Sultan II. Abdülhamid’in de bu akrabalıktan dolayı Fransız halkına sempati ile baktığı ve hatta Sedan savaşı sonrasında nazırlarının Galler muhalifi temayüller gösterdikleri ifade edilmiştir.
Sultan II. Abdülhamid’in damarlarında Fransız kanı taşıdığı, iddia o ki, Türkler tarafından da kabul edilmiştir. 1867 Paris Sergisi sırasında La Turquie adlı gazete Fransız halkının Osmanlı ile dost olmalarının sağlayacağı faydalardan bahisle;
Oğlu Sultan Mahmut’un reformlarına Valide Sultana yani Matmazel de Rivéry’nin katkıda bulunduğu unutulmamalı diye yazmıştı.
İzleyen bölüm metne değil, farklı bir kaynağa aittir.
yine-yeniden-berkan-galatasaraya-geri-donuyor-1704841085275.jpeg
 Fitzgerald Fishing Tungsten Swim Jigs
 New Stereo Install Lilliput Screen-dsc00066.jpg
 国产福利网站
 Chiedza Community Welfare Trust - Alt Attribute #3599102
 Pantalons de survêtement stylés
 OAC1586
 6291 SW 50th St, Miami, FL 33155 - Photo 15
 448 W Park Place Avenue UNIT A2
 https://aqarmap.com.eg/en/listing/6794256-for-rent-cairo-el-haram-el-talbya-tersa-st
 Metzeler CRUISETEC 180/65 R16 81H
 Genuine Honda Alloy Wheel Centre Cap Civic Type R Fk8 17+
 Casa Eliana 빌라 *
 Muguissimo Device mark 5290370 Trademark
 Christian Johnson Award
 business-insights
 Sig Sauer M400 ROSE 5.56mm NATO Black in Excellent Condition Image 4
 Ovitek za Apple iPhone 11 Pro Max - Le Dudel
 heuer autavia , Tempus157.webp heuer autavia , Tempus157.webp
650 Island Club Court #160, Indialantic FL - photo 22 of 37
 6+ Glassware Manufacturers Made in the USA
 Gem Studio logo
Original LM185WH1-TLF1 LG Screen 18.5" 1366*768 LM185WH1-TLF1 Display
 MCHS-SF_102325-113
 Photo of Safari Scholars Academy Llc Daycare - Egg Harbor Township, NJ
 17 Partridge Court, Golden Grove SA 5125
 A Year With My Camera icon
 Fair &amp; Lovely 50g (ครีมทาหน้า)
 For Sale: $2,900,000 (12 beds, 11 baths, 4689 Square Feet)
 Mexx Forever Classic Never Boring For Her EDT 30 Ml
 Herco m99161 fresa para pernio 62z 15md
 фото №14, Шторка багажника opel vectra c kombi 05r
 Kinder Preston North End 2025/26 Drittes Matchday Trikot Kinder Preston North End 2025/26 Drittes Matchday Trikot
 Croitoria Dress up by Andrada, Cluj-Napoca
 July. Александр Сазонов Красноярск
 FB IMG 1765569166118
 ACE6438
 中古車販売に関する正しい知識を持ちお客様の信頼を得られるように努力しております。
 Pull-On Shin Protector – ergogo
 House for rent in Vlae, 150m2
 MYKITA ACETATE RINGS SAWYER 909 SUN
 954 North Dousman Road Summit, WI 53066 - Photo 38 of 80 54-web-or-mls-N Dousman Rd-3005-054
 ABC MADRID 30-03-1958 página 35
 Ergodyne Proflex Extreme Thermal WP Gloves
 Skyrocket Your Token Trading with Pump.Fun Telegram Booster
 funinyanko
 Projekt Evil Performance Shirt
İleri sürülen iddiaya temel teşkil etmek üzere Sidney Daney, History of Martinique adlı eserinde Abdülhamid’in anne soyunun kapsamlı bir anlatımına yer verdiği, Annals of Orleans ise söz konusu iddiayı ilginç gerçekler olarak ifade ettiği bilgilerle desteklediği ve Fransız tarihinde yer alan pek çok romantik efsanenin mevcudiyetini acımasız bir surette sona erdiren, fakat aynı zamanda birçok değerli tarihi gerçeği unutulmaktan kurtaran Dr. Cabanes, Secret Cabinet of History’de Sultan Abdülhamid'in damarlarında Fransız kanı bulunduğuna dair belge ve bulguları arz ettiği ifade edilmiştir. Yine Rufuz, Aubenas ve daha başka Fransız tarihçiler Dr. Cabanes'ı söz konusu beyanlarını, belirtildiğine göre, desteklemişlerdi.
Konuya dair yapılmış olan muhtelif anlatımlar, ayrıntılarda farklılık gösterseler de, güzel yüzlü Aimée du Buc de Rivéry'nin Sultan II. Abdülhamid'in büyük büyükannesi Sultana-Valide olduğu konusunda aynı nihai görüşte hem fikirlerdi.
Bu şecere söyleminin tarihsel olarak izini sürmek tatlı bir romantizm yahut heyecan verici bir efsane tadında uzayıp gitmekte olsa da, yabancı kaynakların satırlarına yansıyan tarihsel kanaate göre soy bilimsel gerçekler tartışılmaz niteliktedir. Bu tür düşüncedeki tarihçilere göre zengin Fransız sömürgecilerin birçoklarının kızları örneğinde olduğu gibi I. Napolyon'un ilk karısı Josephine Beauharnals’ın şeceresi de tartışma kabul etmeyecek derecedeki mutlak bir doğrulukla bilinmekteydi.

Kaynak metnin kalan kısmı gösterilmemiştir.